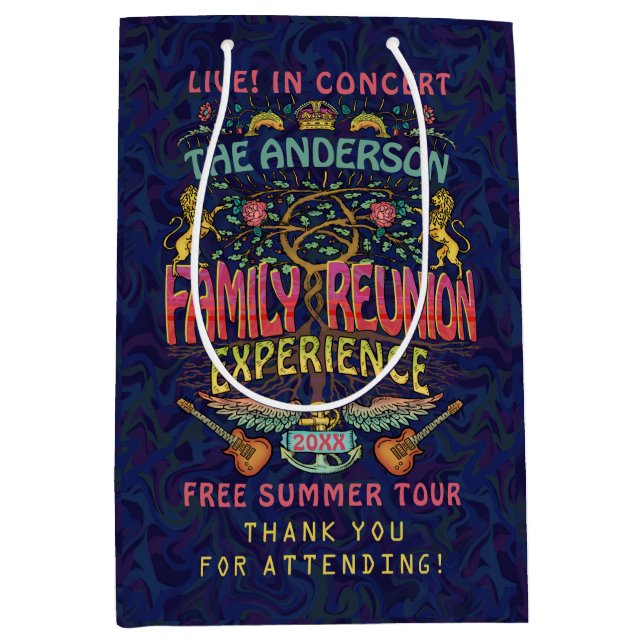 Sacola Para Presentes Média Banda de Reunião da Família Retro 70 Concertos Obr (Frente)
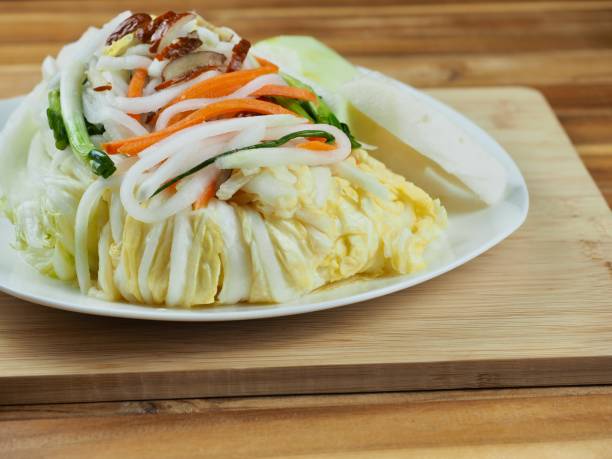 istock Korean traditional food white kimchi, cooking 1415716975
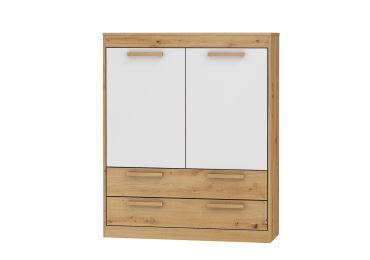 Komoda GATTON 2D2S, dub artisan/bílý lesk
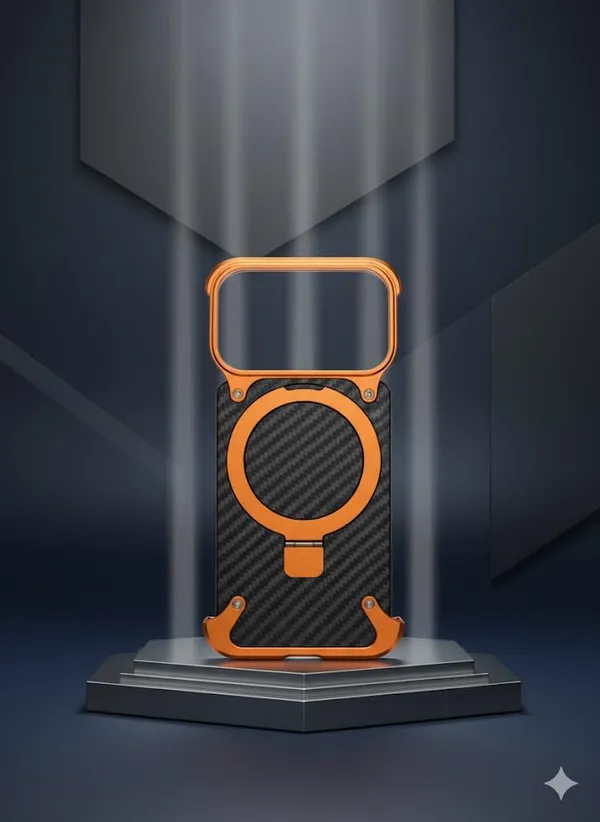 Orange_&_Black_Premium_Carbon_Fiber_Phone_Case_For_Iphone_17_Pro_Max,_Shockproof_With_Orange_Metal_Frame,_Military-Grade_Drop_Protection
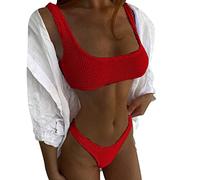 Briskorry Tankini Damen Bauchweg Zweiteilig Badeanzug,Swimsuit Push Up Bikini Set High Waist Push Up Bikinis Badeanzug Bikini Bauchweg Mode Crop Top Gerippte Farbblock Bademode Hohe Taille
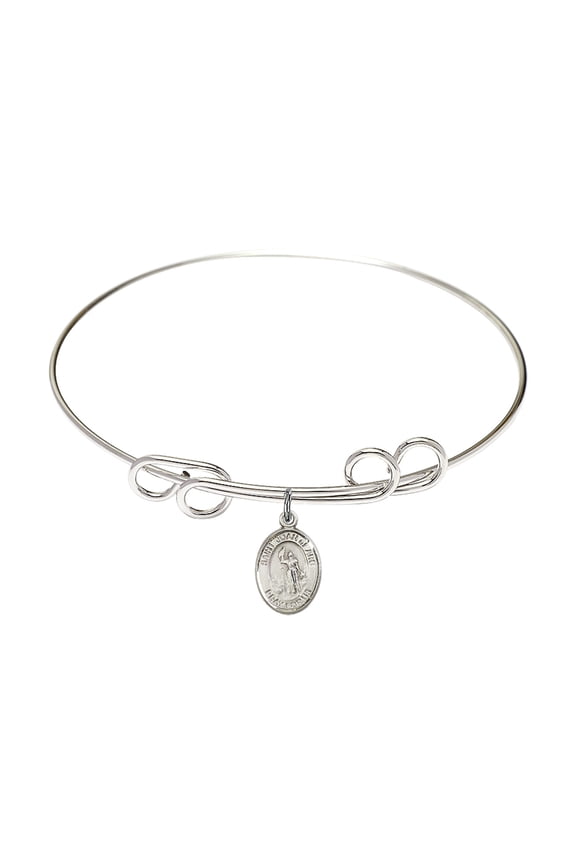 8 inch Round Double Loop Bangle Bracelet w/ St. Joan of Arc in Sterling Silver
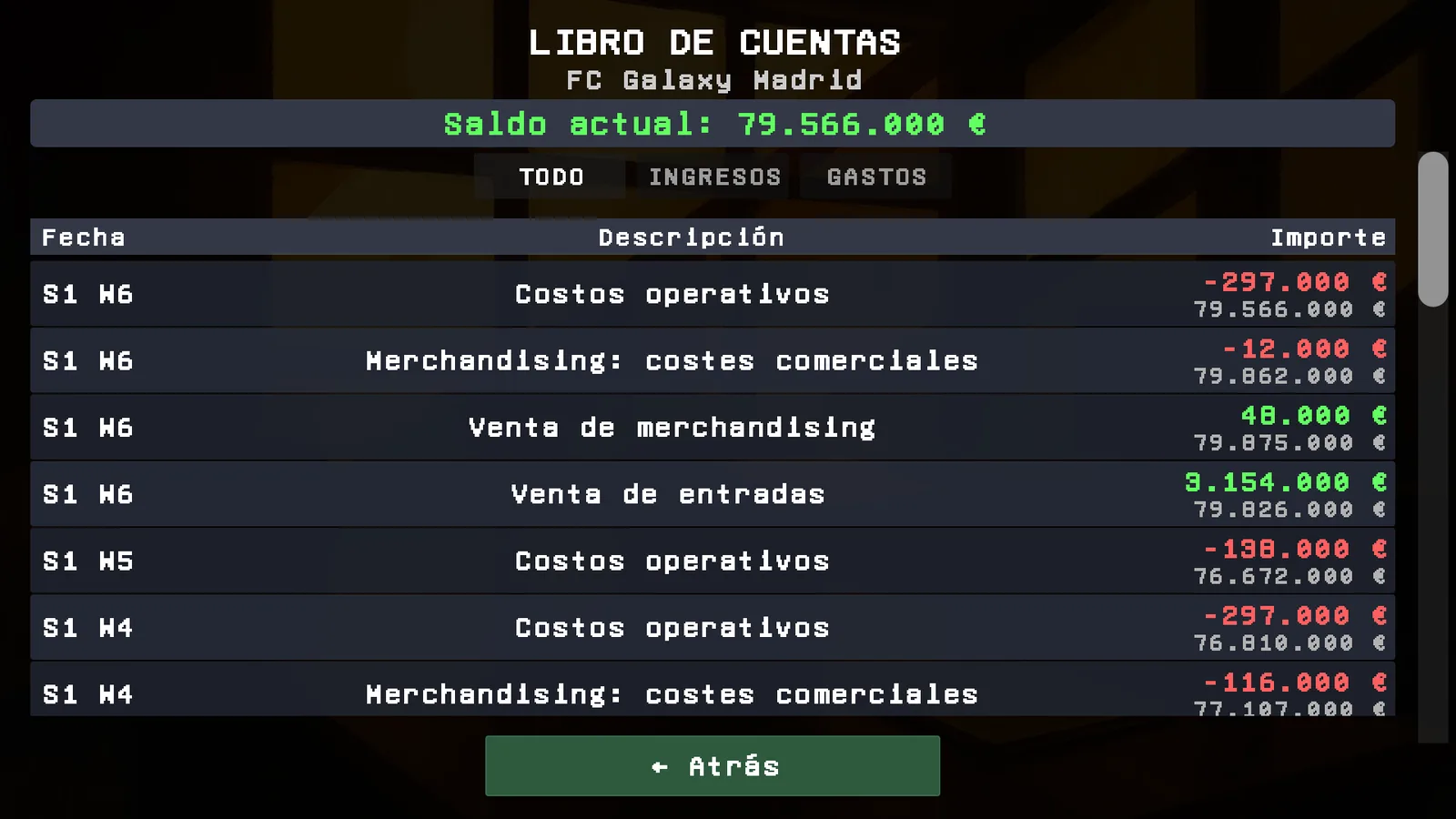 Libro de cuentas con ingresos y gastos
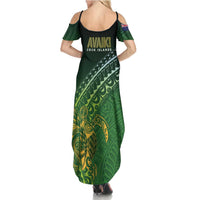 Cook Islands Rugby Kuki Avaiki Family Matching Summer Maxi Dress and Hawaiian Shirt Tribal Turtle LT7 - Polynesian Pride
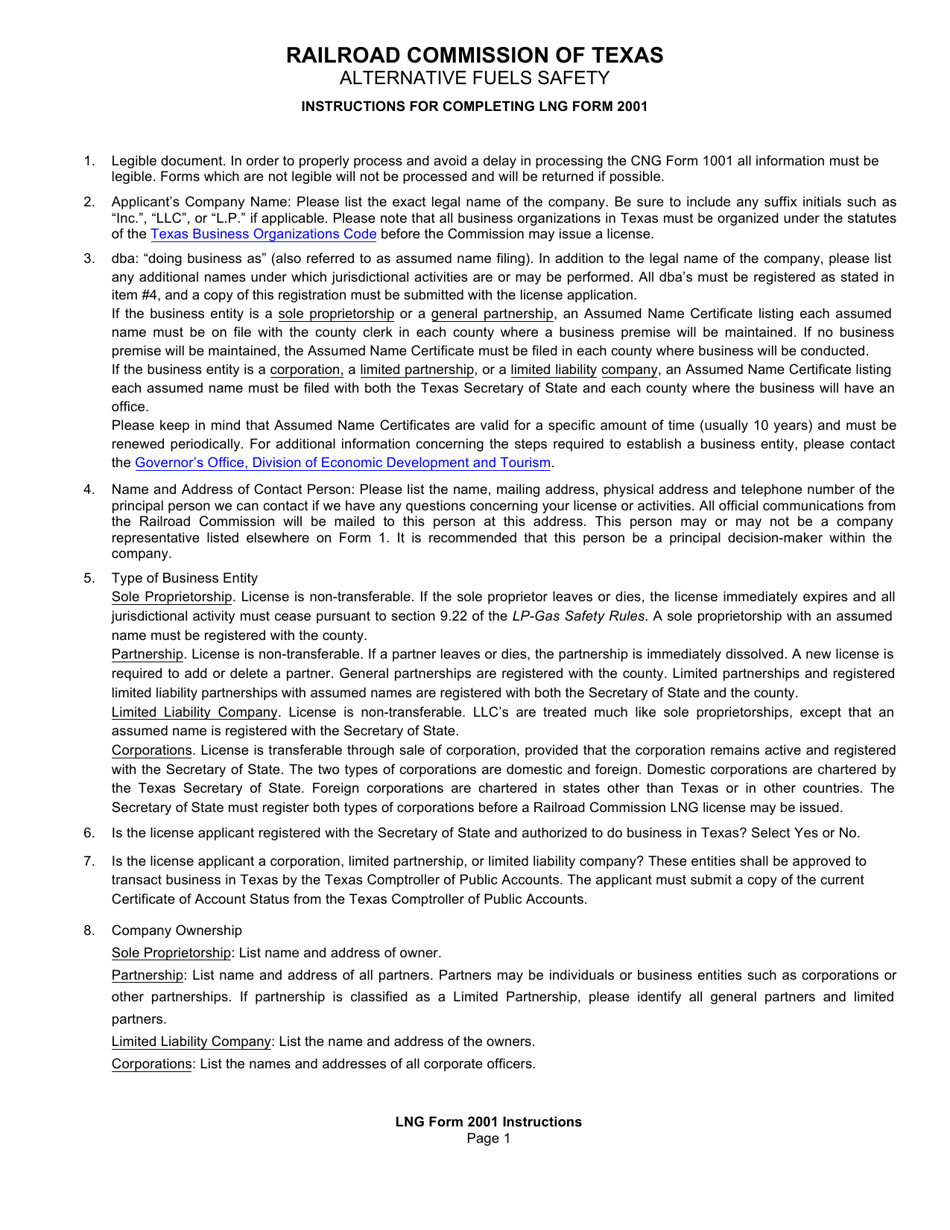 LNG Form 2001 Application for Lng License or License Renewal - Texas, Page 3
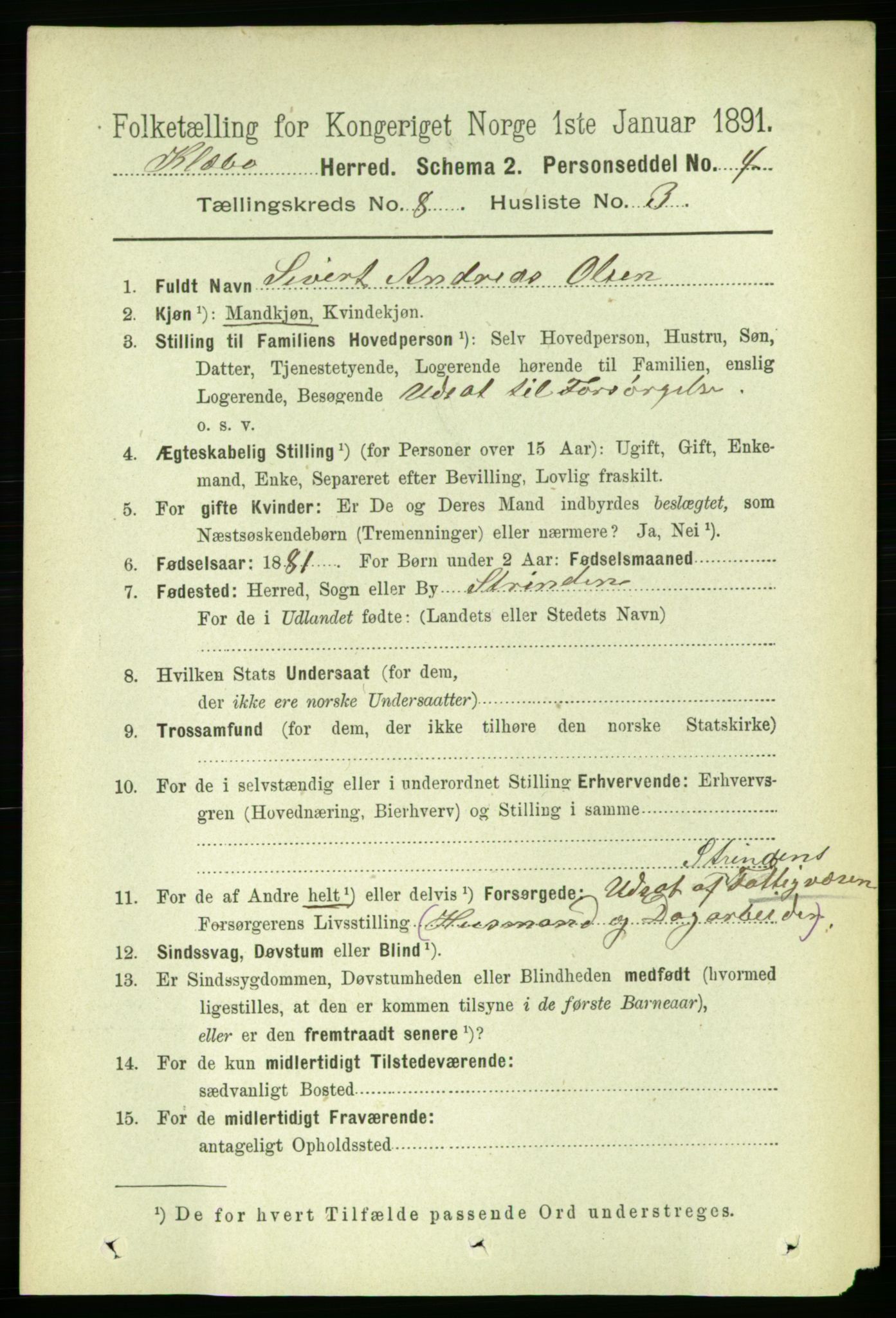 RA, 1891 census for 1662 Klæbu, 1891, p. 1567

______

### Work task
Copy exactly the lines from the line holding "Briskorry Tankini Damen" to the final line of the listing, and leave the pictures out.

### Completed task
 Briskorry Tankini Damen Bauchweg Zweiteilig Badeanzug,Swimsuit Push Up Bikini Set High Waist Push Up Bikinis Badeanzug Bikini Bauchweg Mode Crop Top Gerippte Farbblock Bademode Hohe Taille
 8 inch Round Double Loop Bangle Bracelet w/ St. Joan of Arc in Sterling Silver
 Libro de cuentas con ingresos y gastos
 Cook Islands Rugby Kuki Avaiki Family Matching Summer Maxi Dress and Hawaiian Shirt Tribal Turtle LT7 - Polynesian Pride
 LNG Form 2001 Application for Lng License or License Renewal - Texas, Page 3
 RA, 1891 census for 1662 Klæbu, 1891, p. 1567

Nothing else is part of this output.